Granted the lever would have to be longer than the diameter of the earth's orbit probably, and a place to stand would have been well in outer space! But let's not be picky.
The simplest machines in general terms can be defined, or specified as the simplest of devices or mechanisms that apply the law of leverage (mechanical advantage) to convert or multiply the input force, to change the direction or magnitude of the output force.
Simple machine make use of a singular applied force (input) to operate against a single applied load (output). Simplifying and ignoring any frictional losses, simply put - the work done on the load (the output) is equal to the work done by the applied force (the input).
This Mechanical Advantage can be used to increase the amount of the output force, at the cost of a proportional decrease in the distance moved by the load. The ratio of the output to the input force is called the mechanical advantage.
Usually the term refers to the six classical simple machines which were defined by Renaissance scientists. But more often than not in recent times, machines made up from combinations of the six basic simple machines are also included. That's progress for ya!
The six simple (classic) machines are; They are the elementary "building blocks" of which all complicated machines are composed. For example, wheels, levers, and pulleys are all used in the mechanism of a bicycle.
In the 20th century, a realization that at least one machine, the hydraulic press, had been left out of the simple category and arguments that some of the six classical devices can be considered as modifications of others, has led some modern sources to avoid specifying any list of simple devices as "basic".
Nevertheless, the above six are what is usually meant by "simple machines" and are still regarded as the foundation of mechanical technology, although the only reason for preferring this list to others is tradition.
The most basic of machines fall into two classes; those dependent on the vector resolution of forces (inclined plane, wedge, screw) and those in which there is an equilibrium of torques (lever, pulley, wheel).
A bit of basic machine history:
He studied the "Archimedean" simple type machines, this was the lever, pulley and screw, the Archimedes screw named after him of course.
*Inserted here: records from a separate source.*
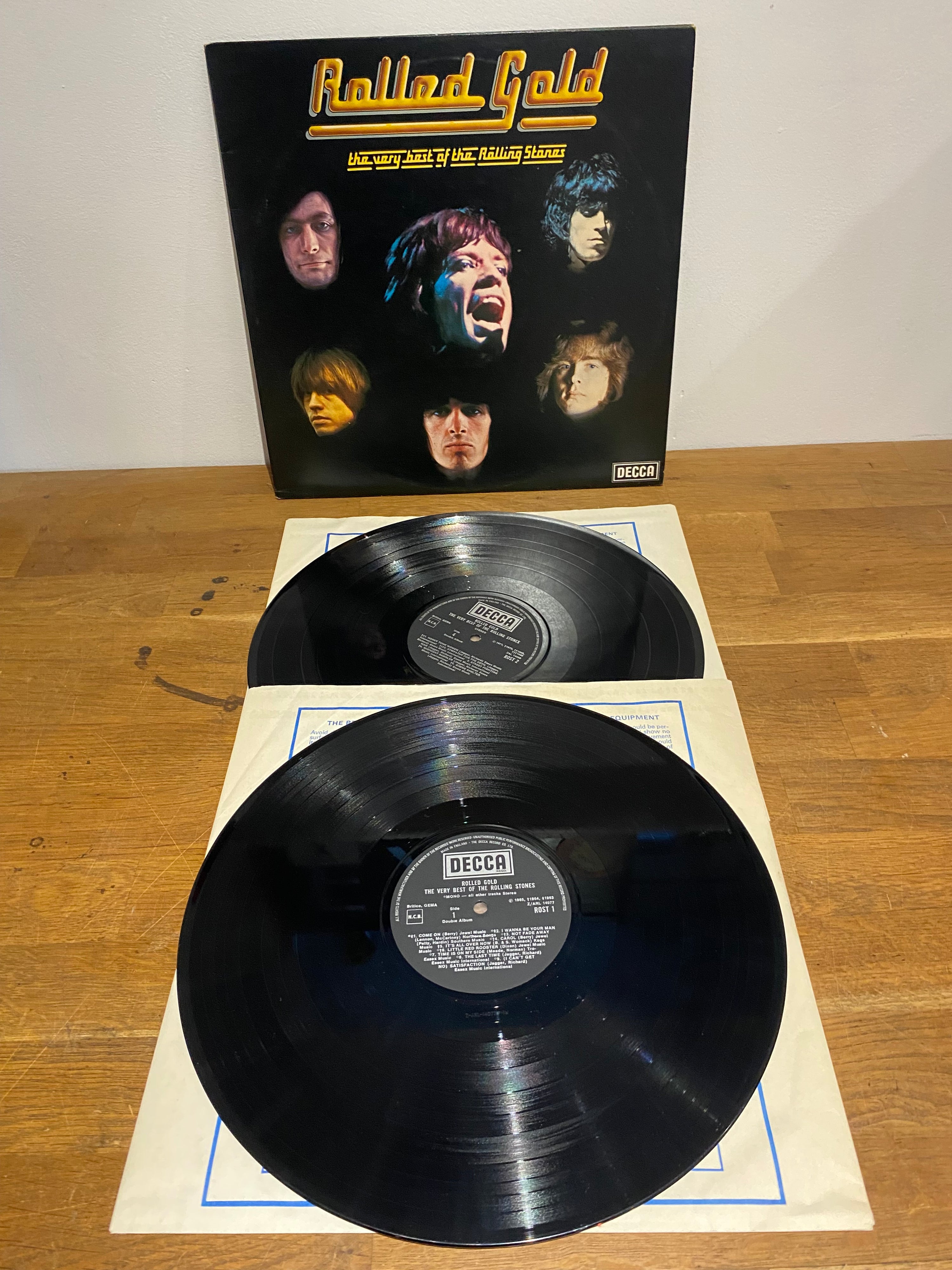 Rolling Stones - Rolled Gold , Decca 1975 , Double 12” album, ROST 1/2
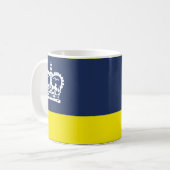 Drapeau de Regina (Saskatchewan) Café Mug (Devant gauche)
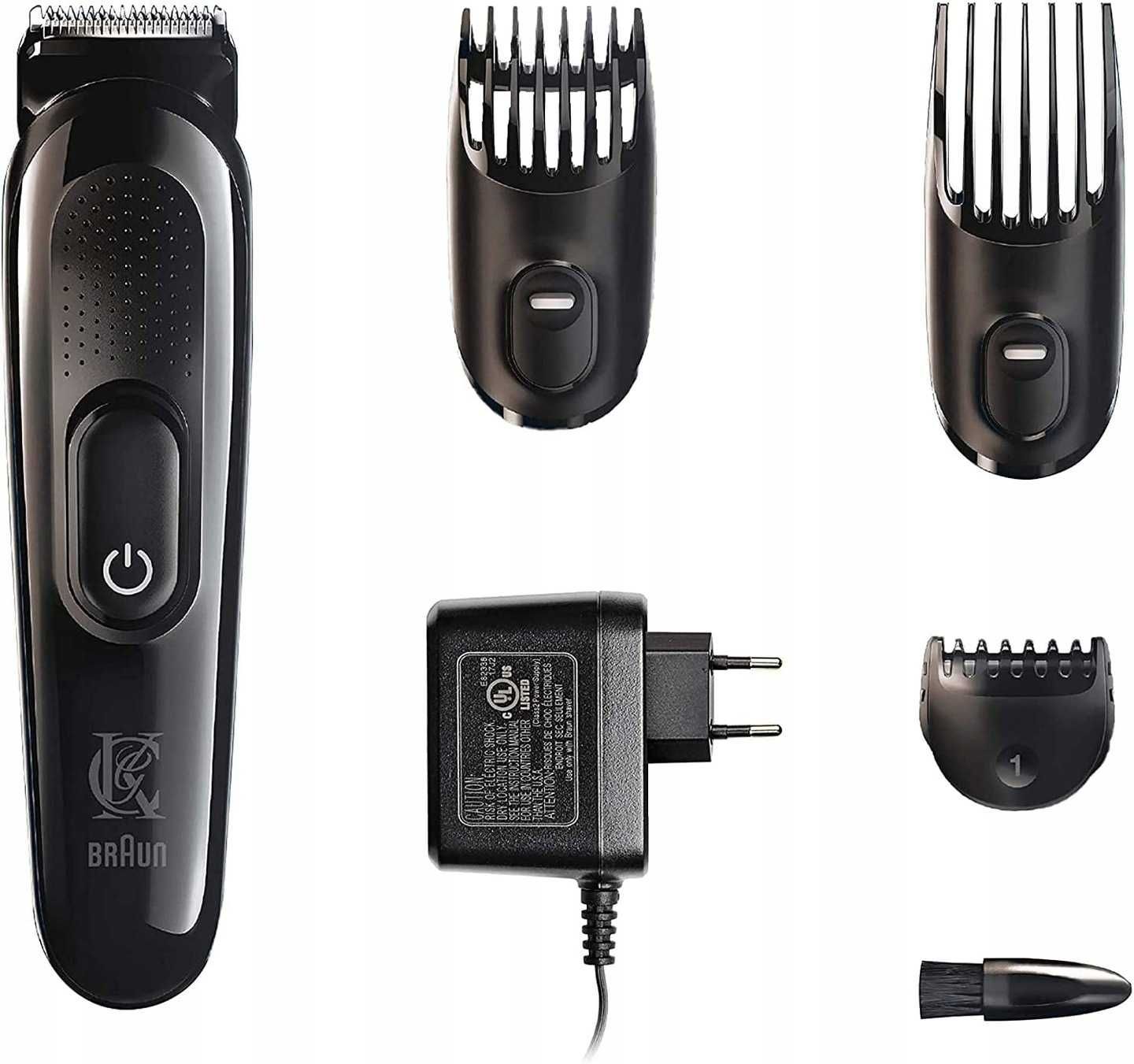 KING C GILLETTE trymer do brody + końcówki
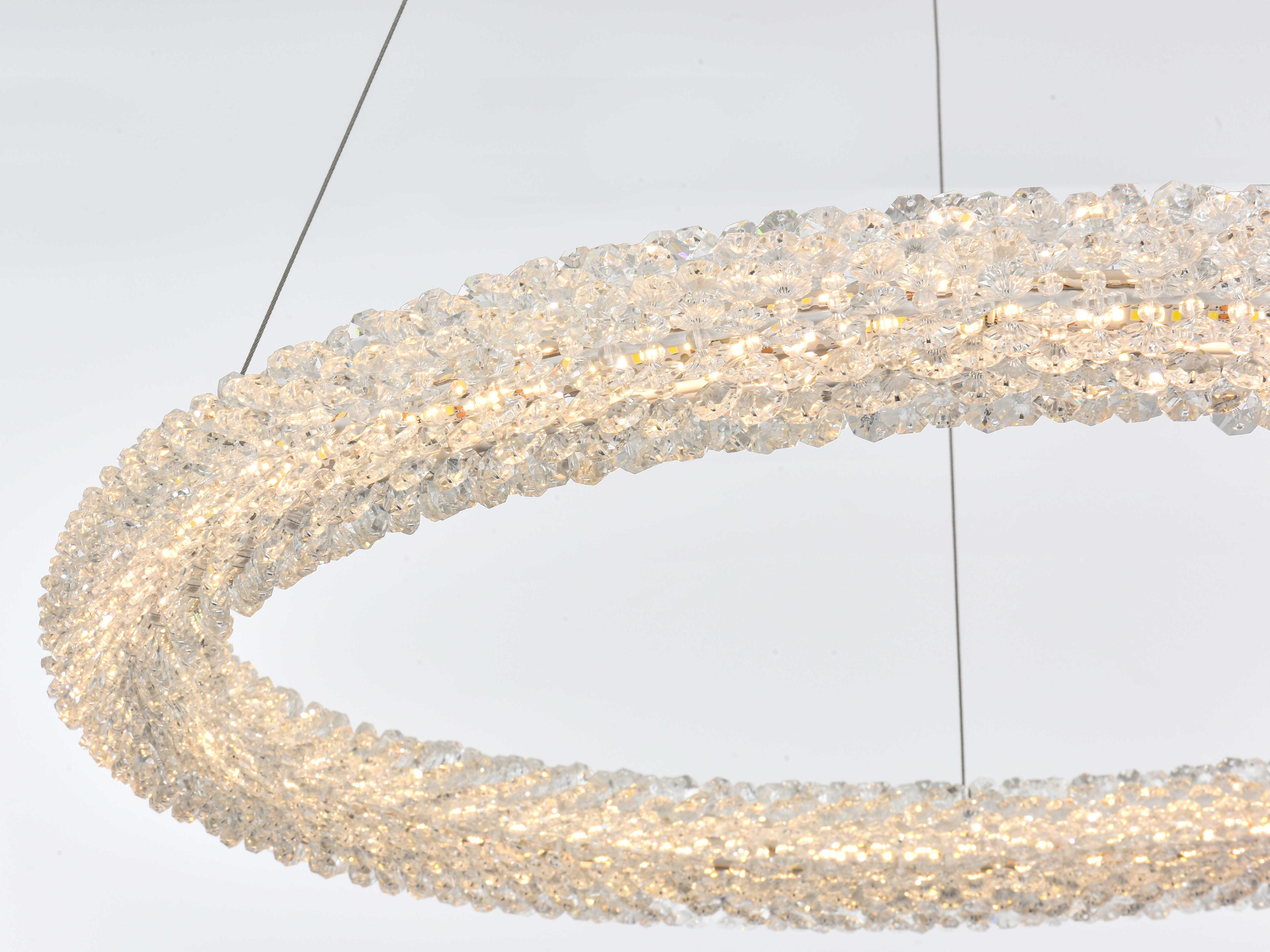 Elegant Lighting Bowen 1-Light Satin Gold Round Pendant
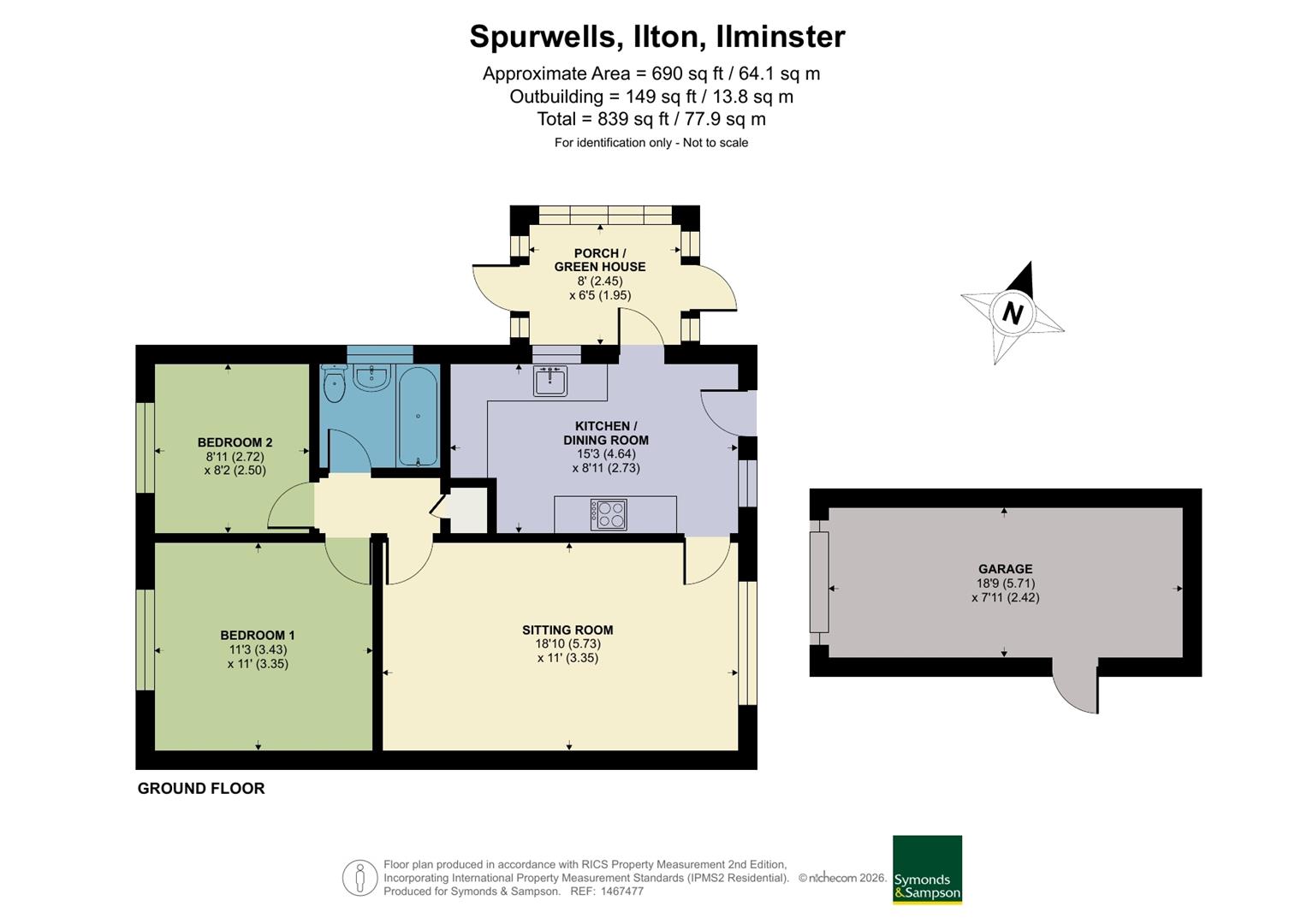 12, Spurwells, Ilminster floorplan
He discovered the principles of a mechanical advantage using the lever.
The findings of his understandings were limited to the static balance of forces. As such did not involve the (now obvious) trade-off between force and distance moved.
Heron of Alexandria (ca. 10–75 AD) lists five mechanisms with which a load can be set in motion in his work Mechanics. These were: winch, lever, pulley, wedge, and screw.
During the Renaissance period, the classic five basic machines (excluding the wedge) began to be studied as a group. However, the complete dynamic theory (we know today) of simple machines was worked out by Italian scientist Galileo Galilei, in 1600 in Le Mecca-niche ("On Mechanics").
Galileo Galilei, (born 15 February 1564 to 8 January 1642) was a Tuscan Italian physicist, mathematician, astronomer, and philosopher who played a major role in the scientific revolution.
He was the first to grasp the concept that simple/basic machines do not create energy, only transform it. But none the less could actually amplify the input energy to achieve 'movement on a larger load than would otherwise be possible. Simple machines were all being used commonly for hundreds of years even before Leonardo De Vinci's time. The classification theory is that each machine makes work easier by utilizing some kind of trade-off between the input force applied and the output distance over which the input force is applied.
The lever is a length of bar or rod that see-saws around a pivot point. Downward force at one end causes an upward force at the other end of the lever. By moving where the pivot point is located along the length of the lever, the lever can either multiply the force or the motion applied depending on whether the force is applied to the long end or the shorter end respectively.
A wedge creates a splitting action converting forward motion in one direction into a left and right splitting motion acting at right angles to the blade. Virtually all simple machines using the wedge will be cutting type machines. One exception would be a lifting machine, that would use a wedge to get under a load and use the split in a vertical lifting motion.
A single pulley will only reverse the direction of a force but the output force will still equal the input force, ignoring losses. When two or more pulleys are connected together as a single unit, they permit a heavy load to be lifted with less force. The trade-off here is that the length the end of the rope has to move is a much greater distance than the load is lifted.
In turning a screw converts a rotary circular motion into a forward or backward motion along the axis of the rotation. A screw is a central cylindrical core with a thread or groove wrapped around it forming a helix. The Screw could be thought of as a compact wedge if you prefer. A very good example is the Archimedes screw used like a pump to lift water for irrigation as one of the simple machines. But also today, driven by water to produce power as a not so simple machine.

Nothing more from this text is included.